Industrial companies made €1bn selling their free Dutch pollution rights
Big industrial companies in Europe are earning billions of euros selling their free ‘pollution rights’ to other companies, according to environmental research group CE Delft.
The research, carried out on behalf of British NGO Carbon Market Watch, found European companies earned at least €24bn between 2008 and 2014 from trading emission rights.
The rights – which essentially allowed companies to emit a certain volume of carbon dioxide – were allocated to some companies free of charge as part of European efforts to reduce pollution.

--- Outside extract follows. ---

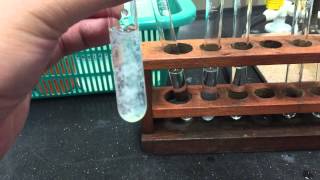 Cation Test Zinc Ions [upl. by Burrton741]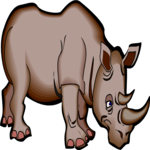 Rhino 07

They were mainly given to companies in the oil, steel, cement and petrochemicals industries who argued that EU restrictions on carbon dioxide emissions would have an unfair impact on their businesses.
The report shows energy-intensive companies in the Netherlands made over €1bn from the EU emission tradings system during the period 2008-2014. Tata Steel (over €300m), Shell (over €200m) and industrial estate Chemelot (€90m) were the biggest earners.
Government
The report says the Dutch government gave out 533 million free pollution permits and so missed out on at least €6.4bn in revenue from auctioning off those rights. Over the same period, it earned just €265m from auctioning pollution allowances.
Among its key proposals for overhauling the emission tradings system, CE Delft says free permits have to be phased out.
Environment minister Sharon Dijksma told the Volkskrant that the way free emission rights are currently issued must be changed. ‘Companies which are playing around with their rights and earning money on them without using cleaner production processes are turning the world upside down,’ she said.
Tata Steel, which owns the massive steelworks in Eindhoven, told the paper the findings do not take into account the fact it has to compete with steel firms in China where emissions trading is unknown.